Мирская чаша | страница 49



– Ну вот и я ему теми же словами сказал: «Ты мне транспорт в живот проведи».

– И что же он тебе на эти слова?

– На эти слова он мне хвостом завилял. Эх, вы, говорю, стали на волчьи места, а хвосты кобелиные.

– Чего же вы терпите? – сказал Фомка. – Взяли бы да и освободились.

– Кто нас освободит?

– Известно кто: барон Кыш.

Весь обоз замолчал.

В тишине под скрип снега перебегает Фомкин огонек все сани из конца в конец: головы думают. Невидимо бегает огонек, и на одном возу опять вспыхнуло:

– На Авдотью легло двести рублей. Мало, а что делать, как малого нет. «Есть, – говорят, – деньги?» – «Нету». – «Есть деньги?» – «Нету». —"Расставайся с коровой!" – «На Пичугина пало десять». – «Подавай», —говорят. «Нету!» – «Иди в прорубь!» Раз окунули.

– Окрестили!

– Да, окрестили и спрашивают: «Есть?» – «Нету». Во имя Отца окунули и во имя Сына окунать. «Есть?» – «Нету». Из третьей Ердани вылезает. «Есть?» – «Есть».

– Окрестили человека.

– Крестят Русь на реках Вавилонских.

– На Тигре и Ефрате.

– И все Персюк, один креститель, а когда речь говорит, обещается освободить женщину от свиней и коров.

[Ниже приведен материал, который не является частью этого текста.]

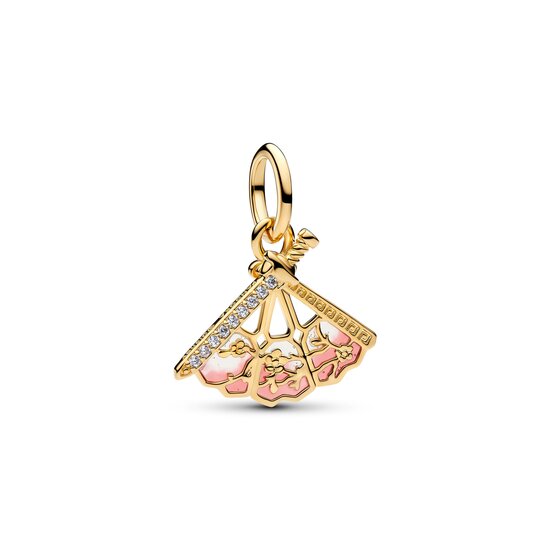 Pandora PANDORA DISNEY 764954C01 Mulan fan 14k gold-plated dangle with zirconia and pink enamel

– И освободили: нет ни свиней, ни коров.

– Эх, братцы, ни паралича из этих слов не получается, а вот что я думаю: собери всю пролетарию, будет ей бобы строгать, собери всех голоштанников, да воз березовых привези, да обделай их, чтобы они работали, как мы, как Адам, первый человек.

Сильней и сильней разгорается Фомкин огонь по обозу, теперь с ним каждый согласен свергнуть статуя и потом хоть бы день, два пожить, как сам Фомка: чтобы нет никого и никаких. Вдруг как ток пробежал по обозу, все стихло, и одно только повторялось ужасное слово:

ПЕРСЮК.

– Эй, братцы, эй, берегись, держись, заворачивай скорей. Фомкин брат едет.

Вмиг обоз и слова мужиков, все разошлось, расплылось, как облака, и в страхе погас Фомкин огонь, и сам Фомка застрял в снегу, кувыркается и не может со всеми удрать. На дороге один только Савин мучится, что никак не может из-под тулупа достать пенсне и разглядеть, с какой стороны покажется это чудище – Персюк, Фомкин брат, и, главное, понять, куда в один миг мог по таким глубоким снегам исчезнуть такой громадный обоз, как могли вынести из сугробов куда-то на другой путь слабосильные деревенские лошаденки.

– Стой! стой! – внезапно появляясь, кричит Персюк. – ну, берегись теперь, Фомка.

Вдруг он как сноп с коня и с коленки из карабина целится, и так кажется это долго у него: целится, целится.